In many of her works she focuses on duality, which for her is an important part of our world and human existence.
„I like to reveal the contradictions: marble is hard, working it requests physical efforts, but then it can become fragile and delicated, from rough to smooth, from hard to soft, from massive to fine.“
But as her sculptures for indoors show, she also understands the small forms. This is shown, for example, by the sirens, which she also creates in bronze and places only on a stone. Here the idea of contrast comes to life again.
Several times she has treated these mythical figures from the ancient world of legends, according to which female voices enrapture sailors and lure them to the cliffs off the coast.
In her light sculptures the stone even becomes translucent.
Simona de Lorenzo was born in Naples.
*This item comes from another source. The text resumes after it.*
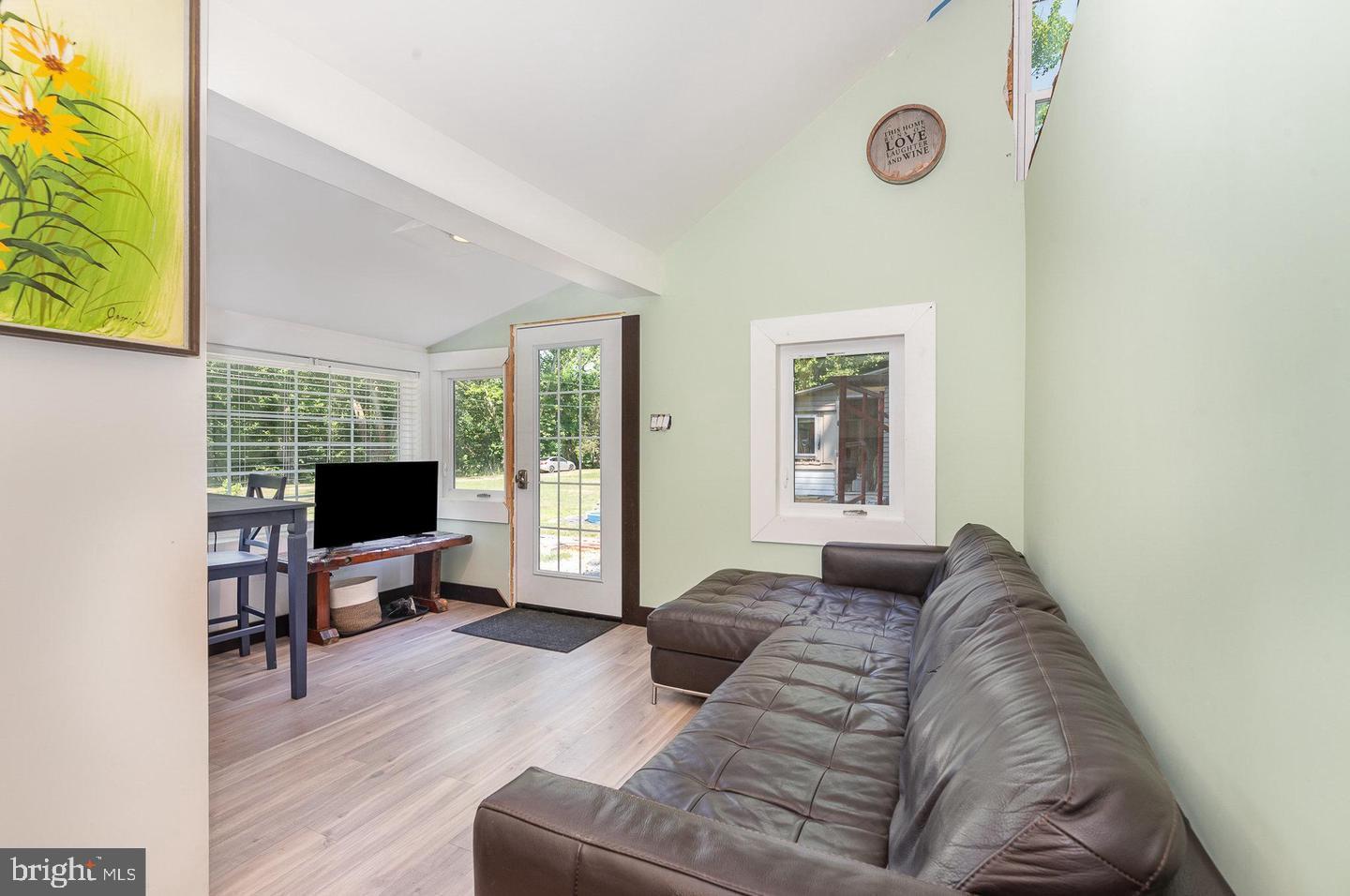 WILLOW MILL - Residential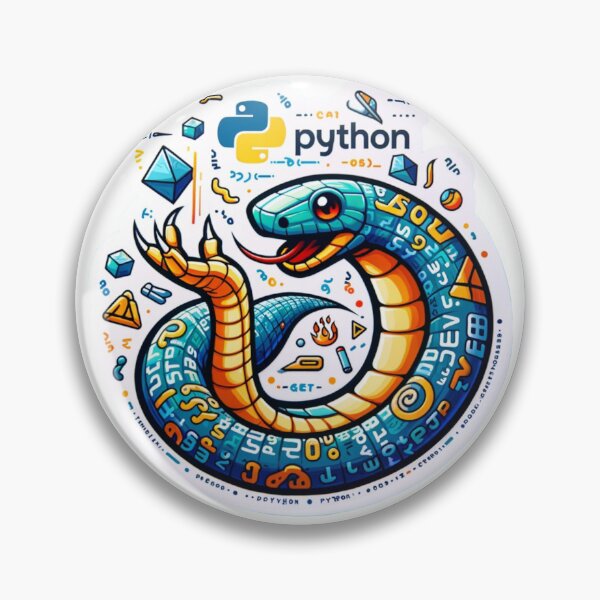 Item preview, Python CodeCraft 2 designed and sold by pixeldigger.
She answers our question whether there were any role models with a wink: „My father was a journalist, my mother a teacher – no other artists in the family.“ Her parents sent her to a highschool that emphasized art. „I’ll never be grateful enough to my parents.“
In the city where she grew up, there was a great cultural heritage all around her, such as Greek sculptures or masterpieces like the “Cristo velato” by Guiseppe Sanmartino. As a teenager she worked in a company for gravestone art, and “it was passion from the very beginning.“
Later she went to study in Carrara, where she lives today. From there she has participated in numerous sculpture symposia around the world in the past years.
Her most recent symposium was the artists’ meeting at Minqin Desert Sculpture Park in China. On the edge of the desert there, the environment was of course a very special one – “fascinating and inspirational”, she writes. For practical reasons, she chose steel instead of stone as material, and that is why the eyeballs are not made of red stone but of painted steel.
With this work she wants to invite the numerous visitors to this new cultural center in China to look at the world with particularly attentive eyes.